Kadın bedenini aşağılamakla kalmayıp, kadın cinayetlerinin, tecavüzlerin önünü açan bu dinsel gericiliğin mimarları, çocukların çeşitli gericilik merkezilerinde tecavüze uğramasına sebep olanlar, çocuk yaşta evliliklere zemin hazırlayanlar, iş cinayetlerinde çocuklarını kaybetmiş annelere ortağı oldukları bu suçu “fıtrat”, “kader” diye yutturmaya çalışanlar, mağduriyetini anlatan köylüye “ananı da al git” diyenler, şimdi annelik duygusunu kullanarak, amaçlarına ulaşmaya çalışıyor.

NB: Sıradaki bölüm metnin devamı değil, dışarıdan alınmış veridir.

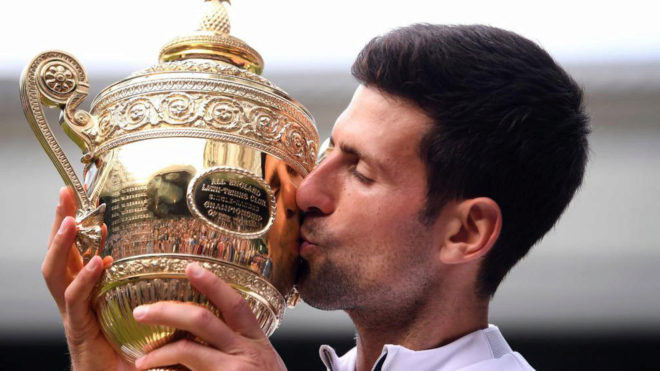 Novak Djokovic besa el trofeo de ganador de Wimbledon 2019.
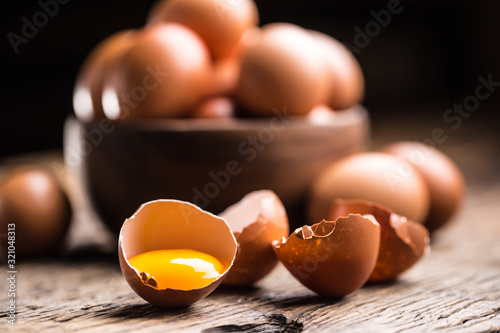 Broken chicken eggs with yolk on wooden table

Haziran Direnişi’nde Berkin’ini kaybetmiş anneyi miting meydanlarında yuhalatanların, annelere “annelik” üzerinden söyleyebilecekleri hiçbir şey olamaz.

Devlet tarafından kaybedilmiş çocuklarının mezarını isteyen annelere yaşattığınız zulümler eylem yaptıkları meydanların yasaklanmasıyla sürüyor. Hapishanelerdeki çocuklarını sağ salim isteyen tutsak annelerine zindan kapılarında işkence etmeye devam ediyorsunuz. HDP Eş Genel Başkan Yardımcısı Aysel Tuğluk’un annesi Hatun Tuğluk’un gömülmüş cenazesini topraktan çıkaran karanlık zihniyet HDP önünde bekleyen anneler vesilesiyle insanlık dersi vermeye kalkıyor. Çırılçıplak soyarak Kürt kadınlarına korku salmaya çalıştığınız Ekin Wan orta yerde dururken… Cesedi bir hafta, yedi uzun gün boyunca çocuklarının gözleri önünde, sokakta kalan Taybet ana gerçeği varken… 12 yaşındaki Uğur Kaymaz’ı 13 kurşunla, babası Ahmet Kaymaz’ı 8 kurşunla öldürmüşken, “annelik” duygusunu sömürmeye çalışıyorsunuz.

AKP önünde, cemaat operasyonlarında çocukları tutuklanmış anneler dahil hiçbir hak arama eylemine izin vermeyenler, HDP önünde yaptıkları ile amaçlarına ulaşmak istiyorlar. Ancak parçası ve sürdürücüsü oldukları rejimin kanlı yüzü taktıkları maskeyi düşürmektedir. Hem kapitalist sistemin kirli ve vahşi işleyiş yasaları hem de sahiplendikleri gerici faşist anlayış, onları pratik ve düşünsel olarak emekçi kadınların, annelerin karşısında konumlandırmaktadır. Değerleri para ve çıkar olanlar, yoksulların annelik değerlerini sömürerek gerçek kimliklerini, kirli amaçlarını daha fazla gizleyemezler.